NOTA: I modelli molecolari delle forme proteiche native e mutanti sono costruiti sulla base di un'appropriata struttura cristallina ottenuta dalla Protein Data Bank^15,16.

1. Per recuperare la struttura PDB selezionata, utilizzare l'elenco a discesa Scarica file e fare clic su Formato PDB. Rimuovere le osservazioni e i dati di connettività e inserire una scheda TER tra catene proteiche separate nel file PDB. Facoltativamente, impostare lo stato di protonazione dei residui di istidina sostituendo il nome del residuo HIS con HIE, HID o HIP (file supplementare 1).
   NOTA: è ragionevole non rimuovere molecole d'acqua risolte cristallograficamente (se presenti nel file PDB).
2. Per preparare il modello iniziale, avviare il programma tleap (pacchetto AmberTools) e quindi immettere comandi che manipolano gli oggetti tleap .
   1. Avvia il programma: tleap. Caricare il campo di forza ff14SB per descrivere la proteina con la meccanica molecolare: > fonte leaprc.protein.ff14SB.
   2. Campi di forza di carico per molecole d'acqua e ioni atomici (Na⁺, Cl^-): > sorgente leaprc.water.tip3p.
   3. Caricare il file PDB e costruire le coordinate per gli idrogeni, creando un oggetto chiamato mol: > mol = loadpdb protein.pdb.
   4. Verificare la presenza di incongruenze interne che potrebbero causare problemi: > controllare mol.
      NOTA: i ponti disolfuro, se presenti, devono essere specificati manualmente. Sostituire i nomi delle cisteine legate covalentemente CYS con CYX e digitare il seguente comando in tleap per creare un legame tra gli atomi SG: legame mol.X.SG mol.Y.SG (X e Y sono numeri di residui di cisteina).
   5. Creare una scatola di solventi attorno alla proteina (acqua TIP3P, distanza 12 Å): > solvatebox mol TIP3PBOX 12.0.
   6. Controllare la carica totale: > mol di carica e aggiungere controioni (Na⁺ o Cl^-) per neutralizzare il sistema:
      > addions mol Na⁺ 0.
   7. Creare il file prmtop della topologia e il file inpcrd delle coordinate (input per l'esecuzione di una simulazione): > saveamberparm mol protein.prmtop protein.inpcrd. Esci dal programma tleap: > esci.
      NOTA: i file di coordinate in formato ambra possono essere facilmente convertiti in formato PDB utilizzando lo strumento ambpdb (fare riferimento al Manuale dell'utente, vedere Tabella dei materiali).

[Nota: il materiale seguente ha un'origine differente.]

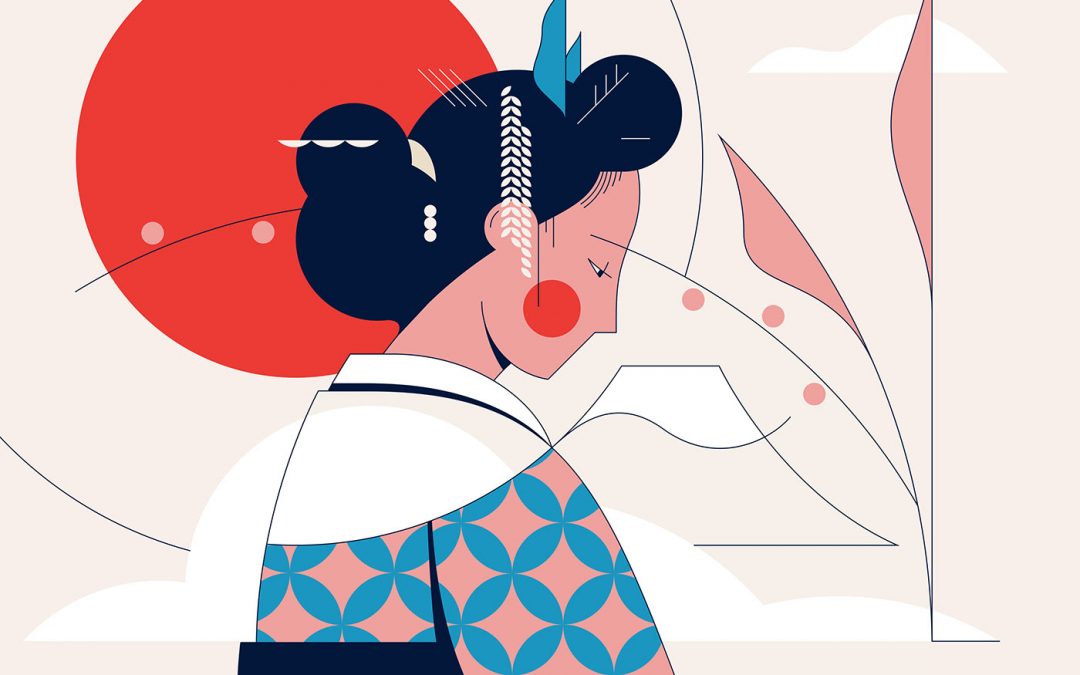 Illustrazioni di Calvin Sprague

2. Minimizzazione dell'energia

NOTA: La minimizzazione dell'energia è necessaria per rimuovere eventuali contatti difettosi e sovrapposizioni tra gli atomi nel sistema di partenza che portano all'instabilità durante l'esecuzione di MD.

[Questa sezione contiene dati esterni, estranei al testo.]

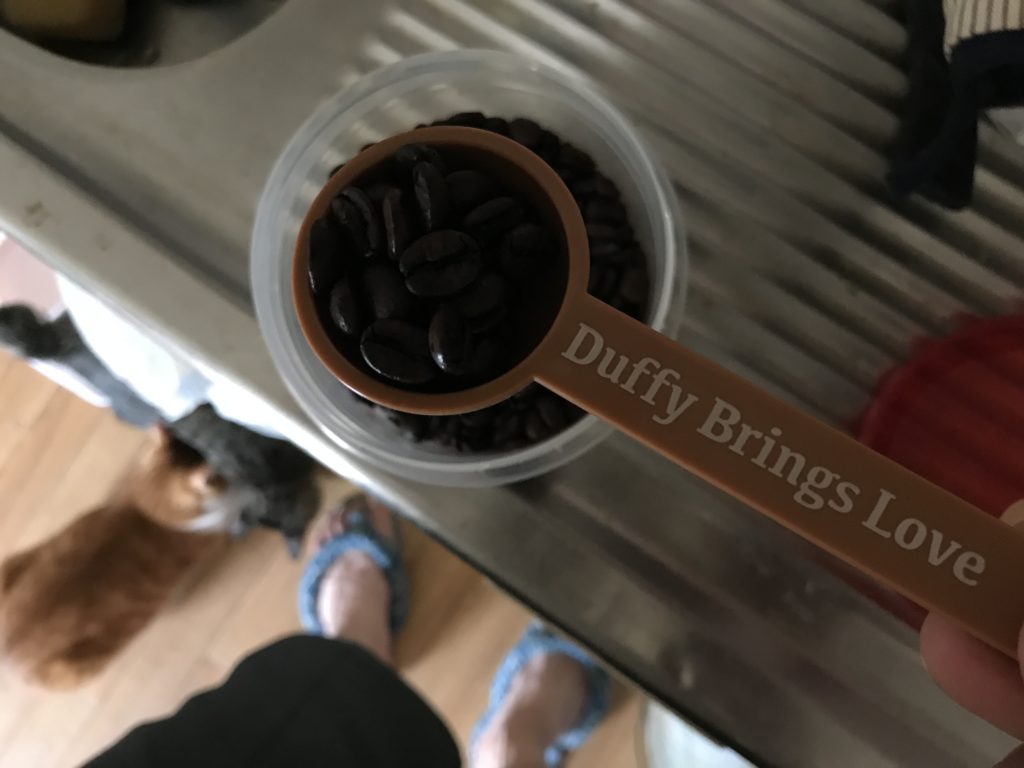 カフェインレスコーヒー豆のまま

1. Eseguire il primo stadio della minimizzazione dell'energia (2.500 passi dell'algoritmo di discesa più ripida + 2.500 passi dell'algoritmo del gradiente coniugato) per ottimizzare le posizioni degli atomi di idrogeno aggiunti e delle molecole d'acqua mantenendo le coordinate proteiche fissate da restrizioni posizionali su atomi pesanti.
   1. Eseguire il programma pmemd come segue:
      pmemd -O -i min1.in -p protein.prmtop -c protein.inpcrd -o protein_min1.out
      -r protein_min1.rst -ref protein.inpcrd.
   2. Seguire gli argomenti richiesti: -i dati di controllo FILE; -p FILE topologia molecolare, parametri del campo di forza, nomi degli atomi; -c FILE coordinate iniziali; -o FILE output del registro leggibile dall'utente; -r FILE coordinate finali; -ref FILE coordinate di riferimento per i vincoli di posizione.
   3. Specificare le opzioni nel file di input min1.in:
      &cntrl
      imin=1, maxcyc=5000, ncyc=2500,
      cut=10.0, ntb=1,
      ntc=1, ntf=1,
      ntpr=10,
      ntr=1,
      restraintmask=':1-517 & !@H=',
      restraint_wt=2,0
      /
      NOTA: Opzioni di input: imin = 1 eseguire la minimizzazione; maxcyc=5000 numero massimo di cicli di minimizzazione; Il metodo di minimizzazione NCYC=2500 passa dalla discesa più ripida al gradiente coniugato dopo i cicli NCYC ; cut=10.0 cutoff non legato (Å); ntb=1 vengono imposti limiti periodici, volume costante; ntc=1 non vengono applicati vincoli alle lunghezze di legame (per una migliore convergenza energetica); ntf=1 vengono calcolate tutte le interazioni; ntpr=10 Le informazioni sull'energia vengono stampate nel file out ogni passaggio di NTPR ; ntr=1 flag per trattenere atomi specificati usando un potenziale armonico; restraintmask=':1-517 & !@H=' specifica gli atomi trattenuti; restraint_wt=2,0 peso (kcal/mol∙Ų) per i vincoli di posizione.
2. Eseguire la seconda fase della minimizzazione dell'energia (5.000 gradini di discesa più ripidi + 5.000 gradini di pendenza coniugati) senza vincoli per ottimizzare l'intero sistema.
   1. Utilizzare min2.in e protein_min1.rst come input: pmemd -O -i min2.in -p protein.prmtop
      -c protein_min1.rst -o protein_min2.out -r protein_min2.rst.
   2. Specificare le opzioni nel file di input min2.in:
      &cntrl
      imin=1, maxcyc=10000, ncyc=5000,
      cut=10.0, ntb=1,
      ntc=1, ntf=1,
      ntpr=10
      /

3. Riscaldamento

NOTA: questa fase ha lo scopo di riscaldare il sistema da 0 K a 300 K. Le velocità iniziali sono assegnate agli atomi poiché il modello iniziale basato sul file PDB non contiene informazioni sulla velocità.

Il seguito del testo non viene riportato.